- Supplied data
Content starts

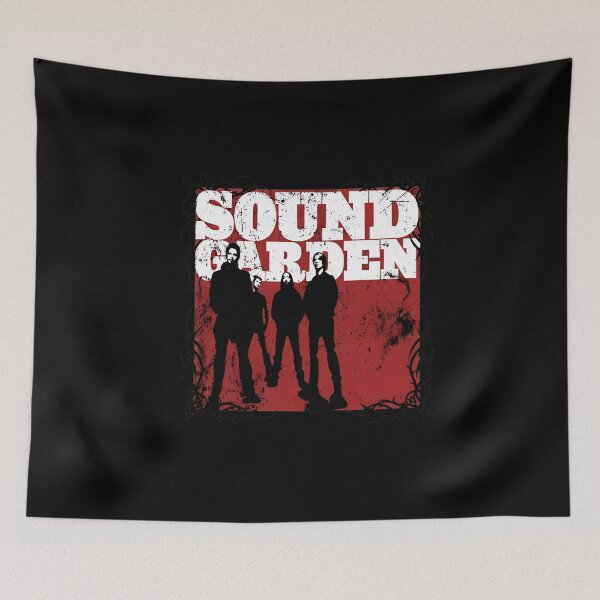 Item preview, Distressed Grunge Band Silhouette   designed and sold by WhimsyWephy.
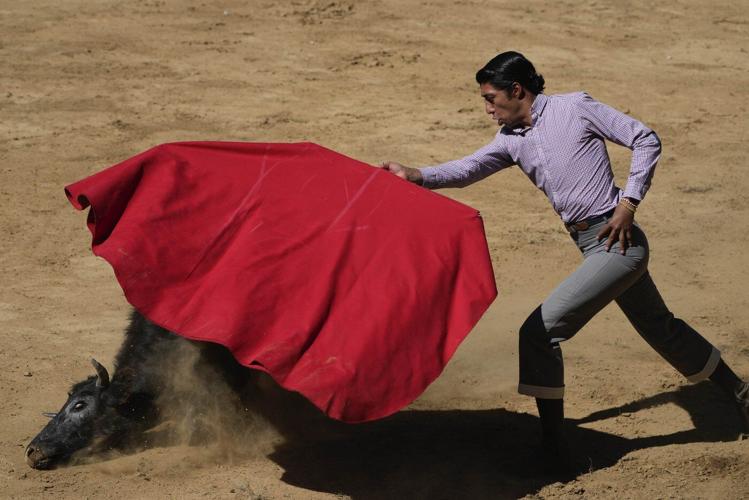 Mexico City bans violent bullfighting, sparking fury and celebration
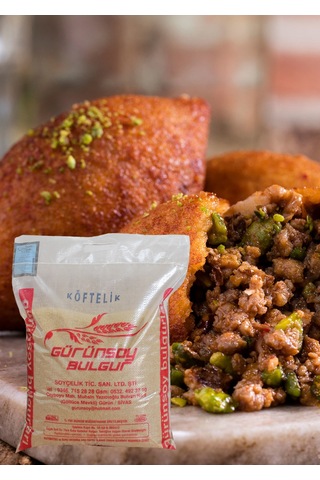 Gürünsoy Köftelik Bulgur 10 KG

Content ends

Would you restate the listing word for word and leave every picture out?

- Response below
 Item preview, Distressed Grunge Band Silhouette   designed and sold by WhimsyWephy.
 Mexico City bans violent bullfighting, sparking fury and celebration
 Gürünsoy Köftelik Bulgur 10 KG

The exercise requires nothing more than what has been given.